Hi Records producer Willie Mitchell found Al Green two years ago, doing a show, walking on tables, in Midland, Texas. It took a year for the results to be made public but right now, there’s probably not a bigger performer in all of soul music. Green has had three hits: “I Can’t Get Next to You,” a strange, funky, reworking of the Temptations’ number, “Tired of Being Alone,” and “Let’s Stay Together,” his current smash.
This has led Green’s record company to dub him “superstar,” and James Gant, Bill Withers’ drummer, to comment: “They’re grooming him to take Otis Redding’s spot as a star — where Otis would be now, if he hadn’t passed.”
“The studio down there at Hi,” Al said, his voice growing soft, for emphasis, “is one where you could stomp out a good rhythm, and a good soulful song. It made me feel good. The pace is relaxed, you can get yourself together.”
And what exactly had Al Green wanted to get together?
“My style; my singing. Getting to know myself was a problem. I got to know everyone else pretty well, but getting to know myself, my limitations, all about me — how do I handle this? — there were times when I would start a show and be backstage and sometimes I’d think I’d forgotten how to sing! You know, I’d be backstage, going through a mental thing — I wasn’t sure, you know what I mean? It’s weird, You been doing something five, six, seven years, and all of a sudden you’re not sure you can do that or not.” He laughed, a bit nervously.
Al has been singing since he was nine — first spirituals, then, when was sixteen, he turned to pop. He had a major R&B hit, “Back Up Train,” in 1968, then nothing until the current string of successes.
Seated in his Gorham Hotel suite, Al was at ease, dressed in a light lavender sweater and a black trench-coat-like bathrobe. It was early afternoon and sunlight peaked through the blinds as he drank a cup of tea.
“I didn’t have anything to follow up ‘Back Up Train’ immediately,” Al remembered. “We recorded it on the Hot Line Music Journal label of Grand Rapids, Michigan, after seven months of fooling around. It was their first record and my first record, too, and I didn’t think it would be a hit. It kind of struck me as a surprise. But I got a lot out of the first hit — nothing to follow it — then having to start all over again.
“I’d like to start from the very bottom, then work up a little at a time. Then, when you get way up to a high level, you have something under the bottom in case you fall. Well, if you have a hit right off the bat — on a high level — you don’t have anything to fall back on. All that space between you when the bubble bursts — whap! So, to start all over again is a harder struggle — ’cause people have heard of you and they think, ‘Well, I don’t know what could have happened to him, but here he is trying with another song; well, I don’t know . . . ’ This is the way people are. But if you gradually build it up, you’re in better shape; there’s always something left. Which is better . . . a lot better.”

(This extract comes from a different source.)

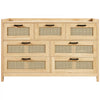 VEVOR 7 Drawer Rattan Dresser, Natural Rattan Wood Dressers with LED Light, Modern Wood Chest Clothing Organizer & Storage Boho Dresser with Sturdy Handles & Legs, for Bedroom, Living Room & Hallway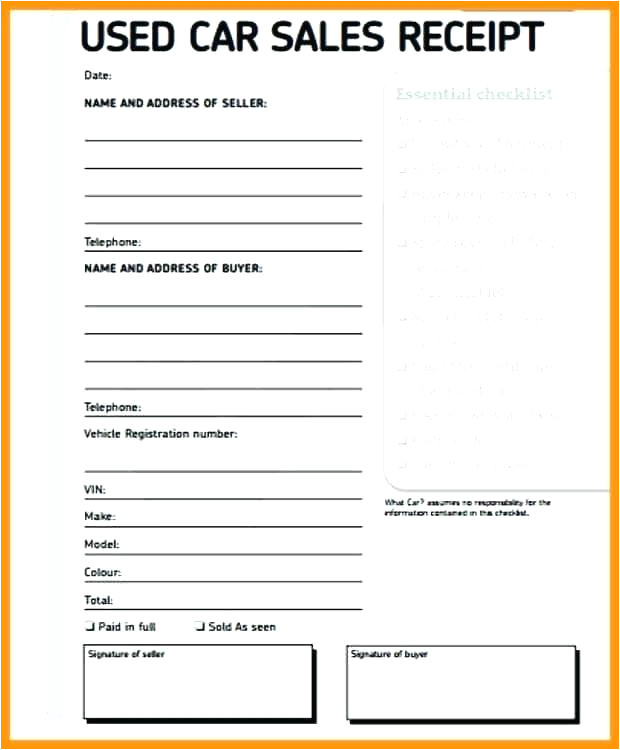 receipt of sale of vehicle motor vehicle bill of sale vehicle sale receipt template uk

“I was trying to get my sense of direction straight. “I Can’t Get Next to You” really got me back to the right kind of thinking because it was a good soulful funky jam.”
How had he come up with the arrangement, so different from that of the (psychedelic) Temptations?
“I was riding around in the car. A rainy night, I believe it was. I dug the words in the song, but I didn’t like the way they were running the song, doing it fast, singing it fast. I wanted to slow it down, ’cause they were singing it so fast that people didn’t really understand what they were saying.”
Here the cadence of Al’s voice slowed. “So I wanted to slow it down, do it slower, funkier, fuller, deep and refreshing in feeling and understanding. I slowed it down, put a groove to it, arid decided to do it like that, you see.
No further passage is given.